The boys in the canary-yellow required a result from their final preliminary, 20 years ago to this Thursday, to book a trip Stateside. Anything less and their opponents would seize Group 2’s solitary ticket and rip up Brazil’s unique, record of appearing in every FIFA World Cup.
Dauntingly, those opponents at the Maracana were Uruguay – the team that had devastated Brazil in that same stadium in the 1950 decider. Furthermore, La Celeste were unbeaten in four games against A Seleção, and had emerged victorious from their last visit to South America’s most populous nation in 1992, when Luis Cubilla’s side had inflicted a 2-1 defeat upon Parreira and students including Roberto Carlos, Rai and Edmundo.
Yet despite Brazil’s precarious situation, and Romario’s imperious form for Barcelona, Parreira stayed true to his word and overlooked the national darling. There was public outcry, but it died down by the time Brazil assembled for their preparations at Granja Comary. There, Sao Paulo forward Muller sustained an injury that forced him to withdraw from the squad – and the Romario racket erupted like never before. This time Parreira relented. And when, a few days later, the 50-year-old unveiled his starting XI for the clash, the fun-loving Carioca was back in his beloved No11 jersey.
Romario’s words had been the cause of his international exile, but he was no less self-aggrandizing upon his reappearance. “I already know what’s going to happen: I’m going to finish Uruguay,” he declared.
Parreira, verbally at least, seemed in accordance when asked if he was anxious: “No, I’m calm. Romario will score and Brazil will qualify.”

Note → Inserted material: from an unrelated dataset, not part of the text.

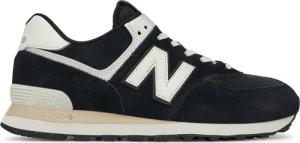 New Balance Sneakers U574YCE Schwarz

Romario swiftly showed he was in the mood to fulfil the script that had been written for him. The former Vasco da Gama and PSV player plunged a bewildered Uruguayan into his crowded dungeon of chapéu victims, was unfortunate not to earn a penalty following some trademark trickery, and following an exhilarating turn, dribble and one-two, saw his exquisitely toe-poked volley come back off the crossbar before half-time.

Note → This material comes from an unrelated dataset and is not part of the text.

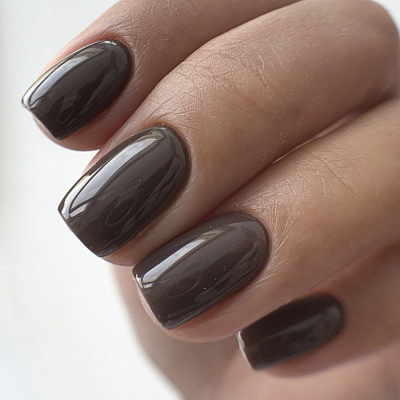 Гель-лак MIO Nails №E-02 Молочный шоколад 8 мл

Romario continued to torment Uruguay after the restart but for all his brilliance, the game was goalless heading into the last 20 minutes. The fans were overwhelmingly nervous as nightmares of Alcides Ghiggia’s killer blow 43 years earlier haunted them – at least until the 72nd minute.
That’s when right-back Jorginho sent Bebeto racing down the right and the Deportivo forward looped a cross to the back post. There, a leaping Romario, who had craftily snuck into space, powered a downward header into the Uruguay net to spark indescribable jubilations in the stands.
Nine minutes later Romario made absolutely sure of Brazil’s presence at USA 1994. Mauro Silva masterfully won the ball in his own half, burst through the midfield and slid Romario clean through on goal. The 27-year-old knocked it around Robert Siboldi, whizzed past him and passed the ball into the net from an acute angle to seal a 2-0 victory.
The American dream had begun for Brazil… and we all know how that ended. It wouldn’t have, however, had Muller not been ruled out of that decisive qualifier, according to Romario.
“If I hadn’t been called up to play against Uruguay, even if Brazil had won, I’m certain I wouldn’t have gone to the World Cup,” he said. “I may never have played for A Seleção again. But they needed me. There wasn’t another option. I was their last hope.”
Left-back Branco recalled. “Romario was magnificent that day, he couldn’t have played any better. It was destiny.”
Destiny born in heaven, according to Parreira: “God sent Romario to the Maracana.”